Your task: The answer must consist solely of the lines from the one with "Strict Leather Straightjacket" through the last line of the data, copied exactly, with no pictures.

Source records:
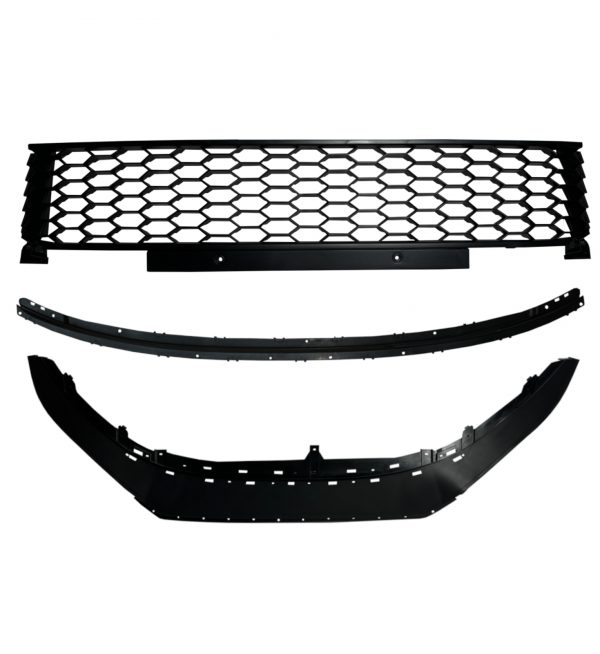 FRONT BUMPER GRILLE SIDE SKIRT FULL BODY KIT GTI LOOK PRIMED FOR VW POLO MK5 - Image 6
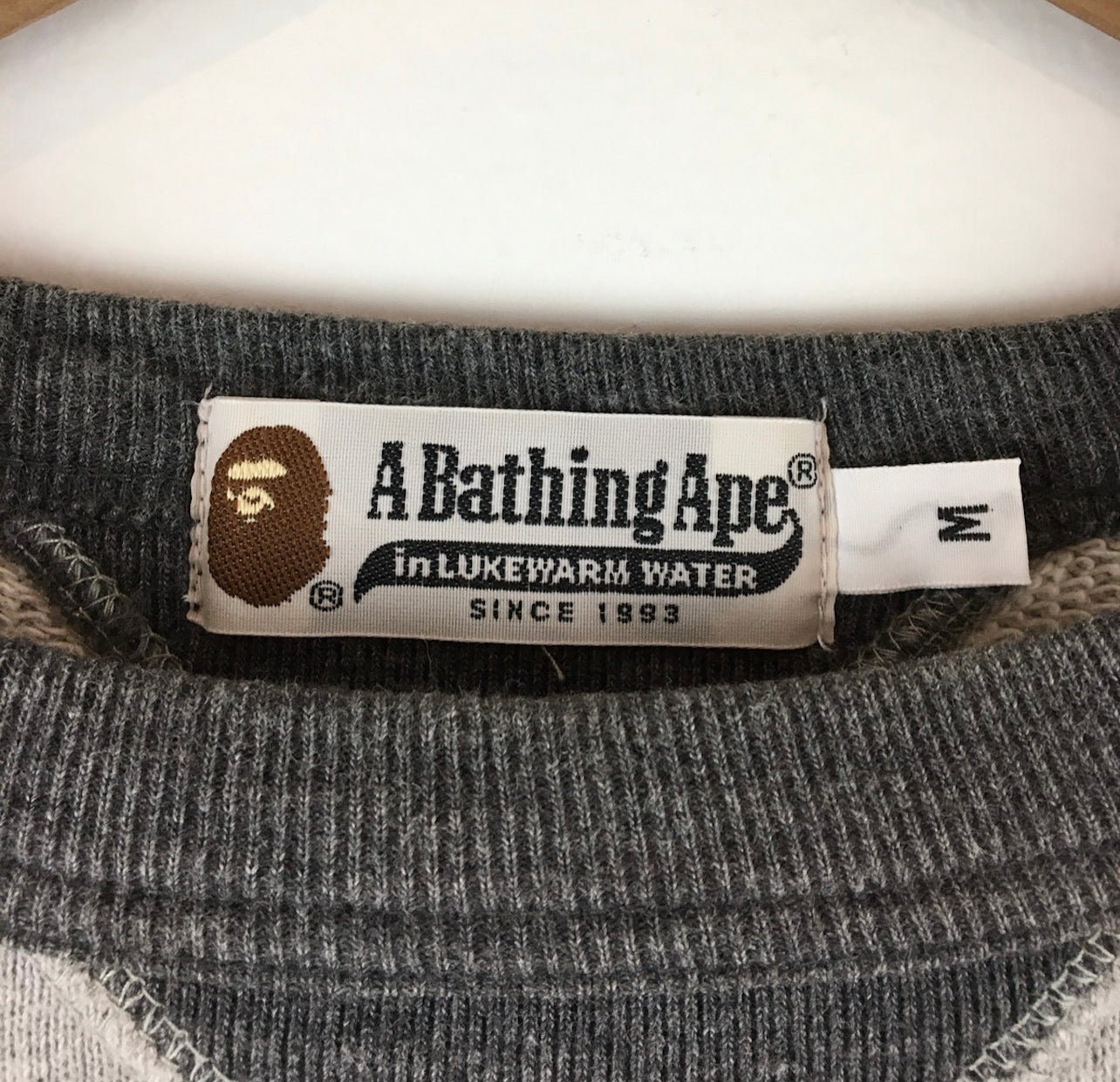 OG Bape Collage Logo Sweatshirts Size: M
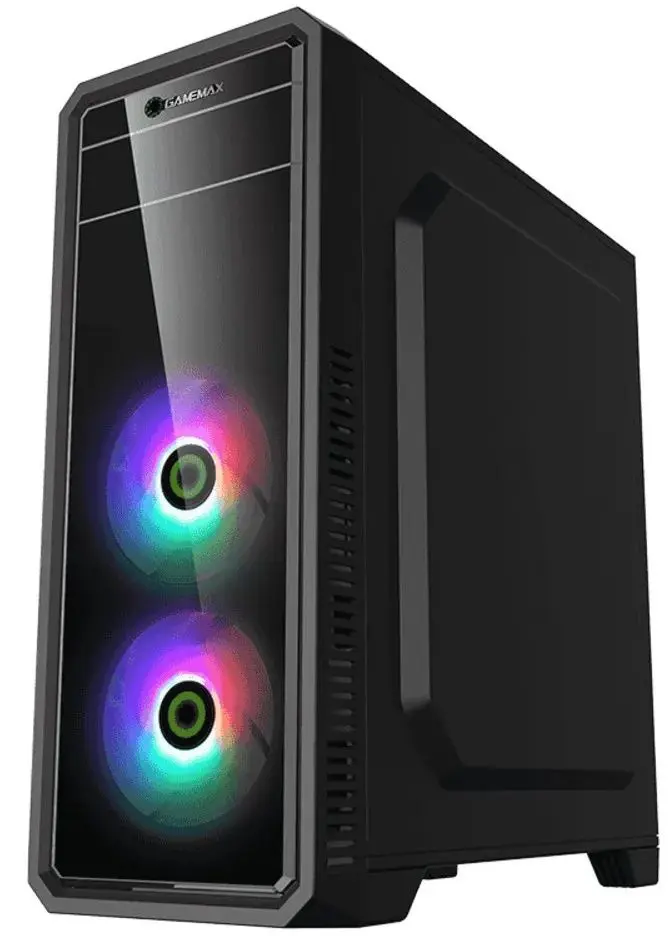 Sistem PC Ultra Navigator PC08692 AMD Ryzen 5 5600 16GB DDR4/1TB HDD + 512GB SSD (Black)
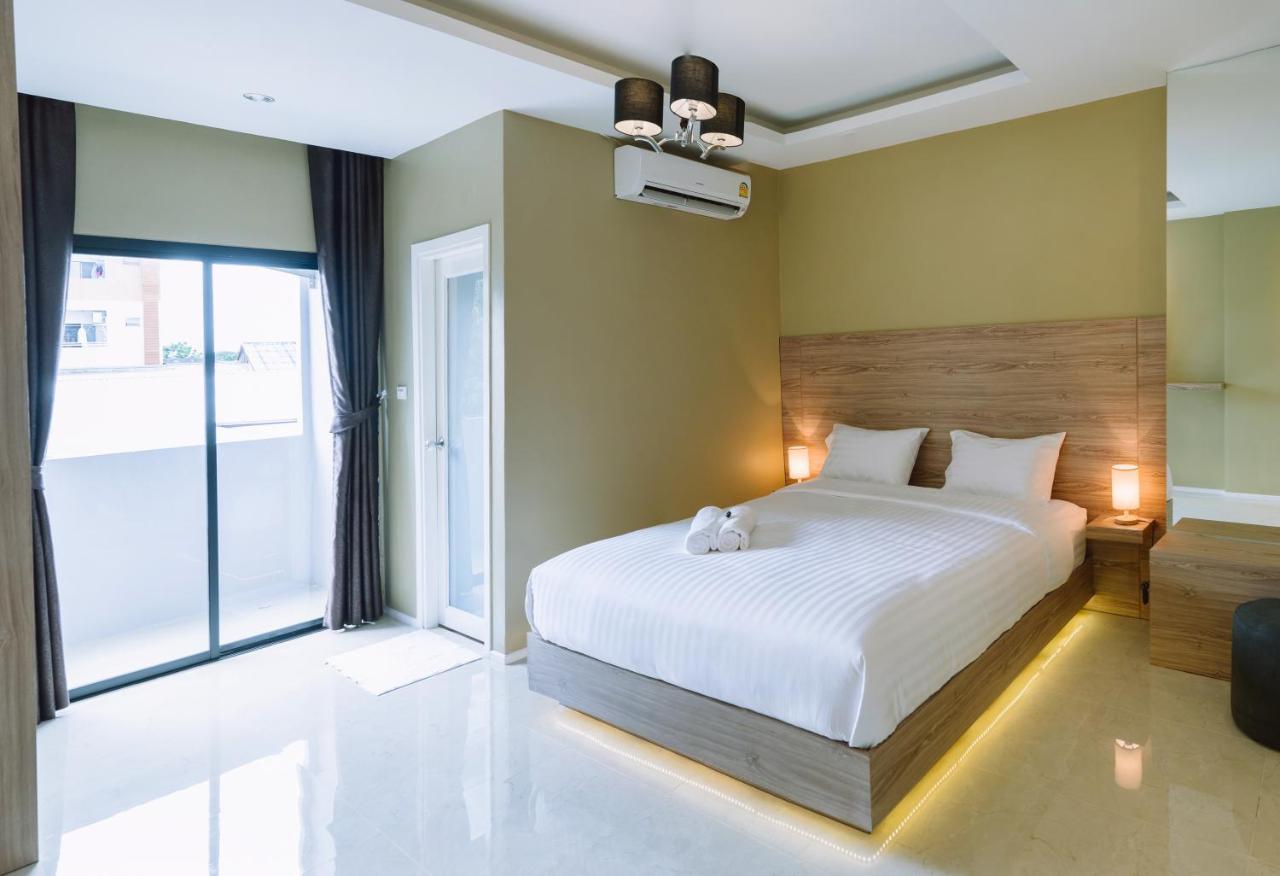 The Cape Hotel Udon Thani Exteriör bild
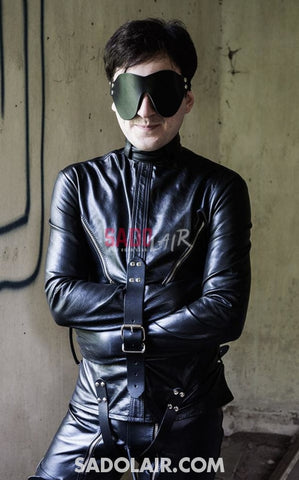 Strict Leather Straightjacket Sadolair Collection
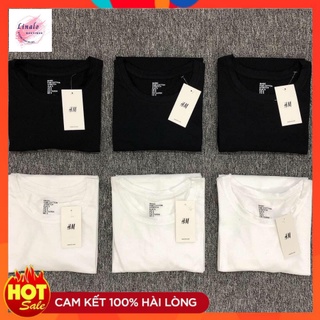 [Siêu Sale] [FreeShip] áo phông HM cổ tròn, áo phông trơn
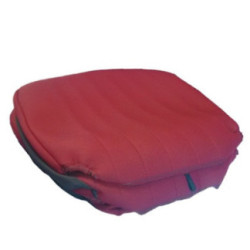 FUNDAS TELA ROJA 600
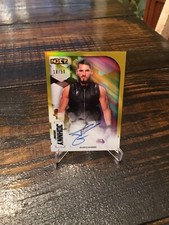 2020 Topps WWE NXT Wrestling Cards 25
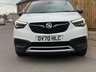 USED 2020 70 VAUXHALL CROSSLAND X 1.2 Turbo Griffin SUV 5dr Petrol Manual Euro 6 (s/s) (110 ps) 16'', SUMMIT WHITE, 1 OWNER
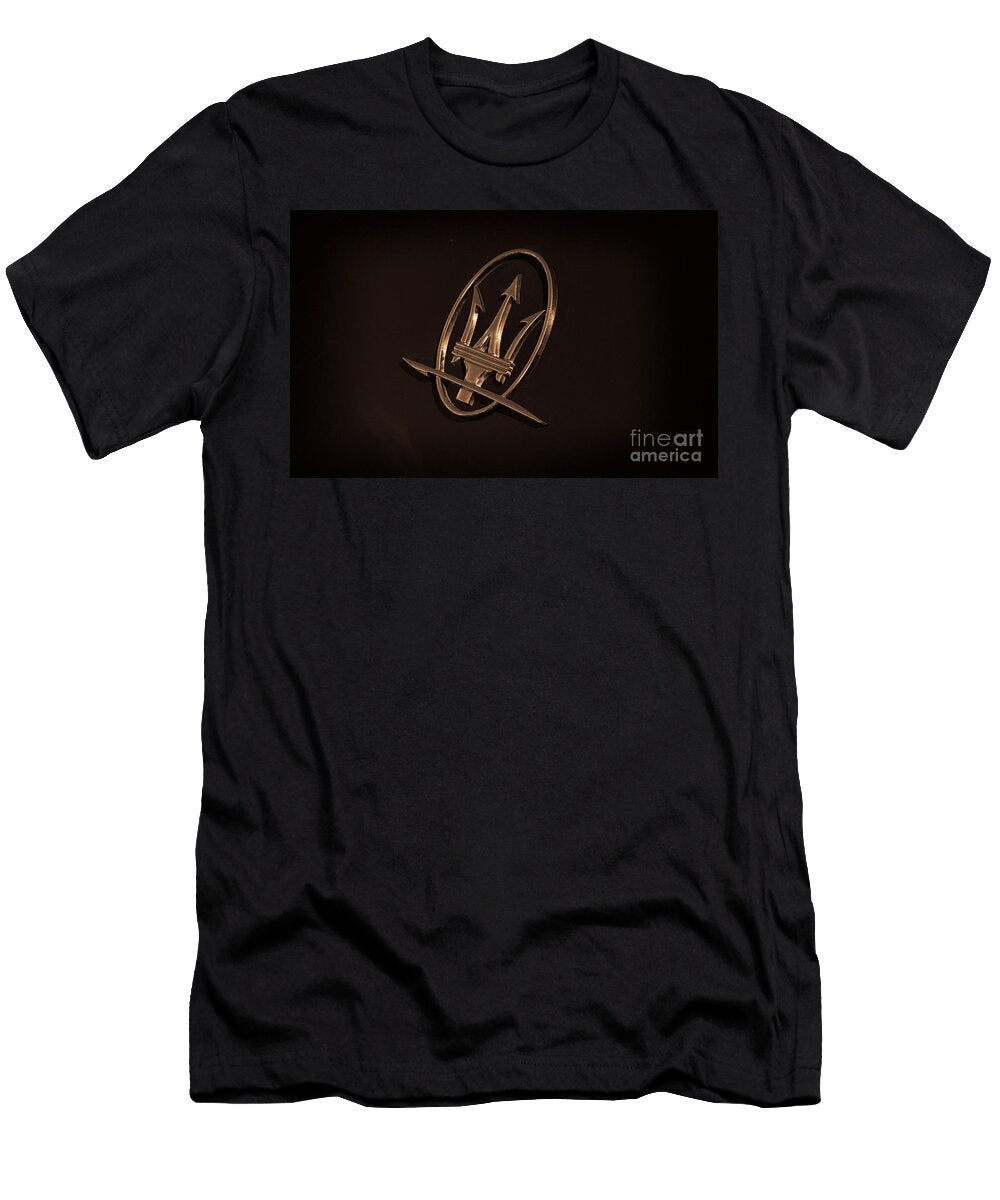 2006 Maserati Quattroporte Emblem 11 Nick Gray T-Shirt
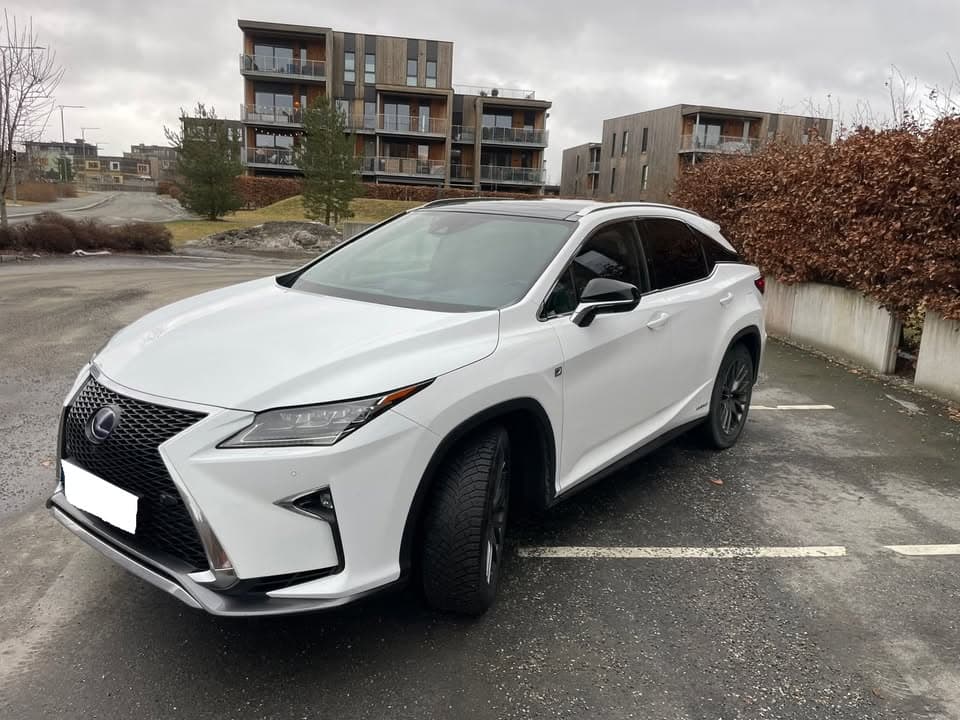 Lexus RX450h miniature 8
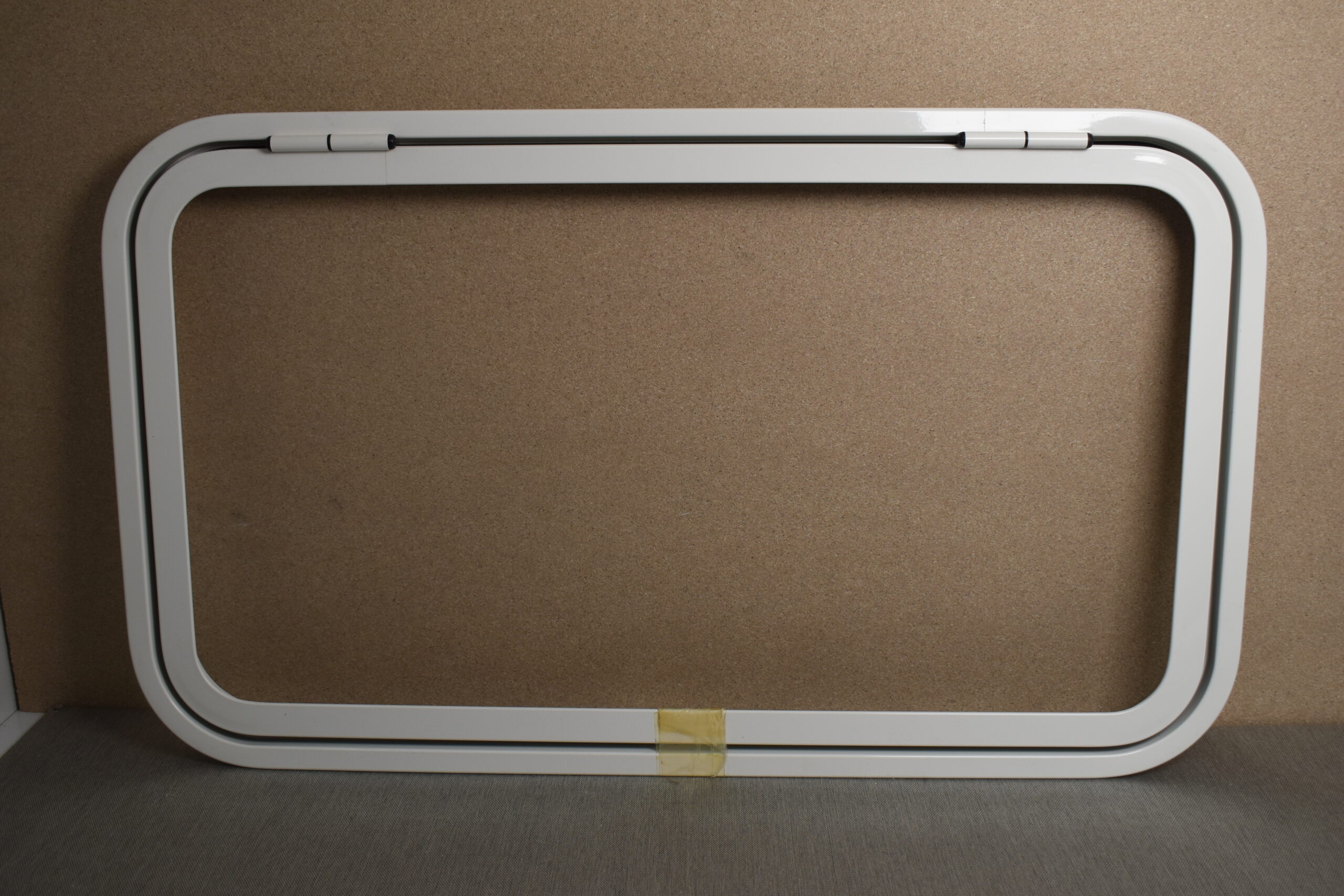 Klappenrahmen weiß 900x460 mm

Task output:
 Strict Leather Straightjacket Sadolair Collection
 [Siêu Sale] [FreeShip] áo phông HM cổ tròn, áo phông trơn
 FUNDAS TELA ROJA 600
 2020 Topps WWE NXT Wrestling Cards 25
 USED 2020 70 VAUXHALL CROSSLAND X 1.2 Turbo Griffin SUV 5dr Petrol Manual Euro 6 (s/s) (110 ps) 16'', SUMMIT WHITE, 1 OWNER
 2006 Maserati Quattroporte Emblem 11 Nick Gray T-Shirt
 Lexus RX450h miniature 8
 Klappenrahmen weiß 900x460 mm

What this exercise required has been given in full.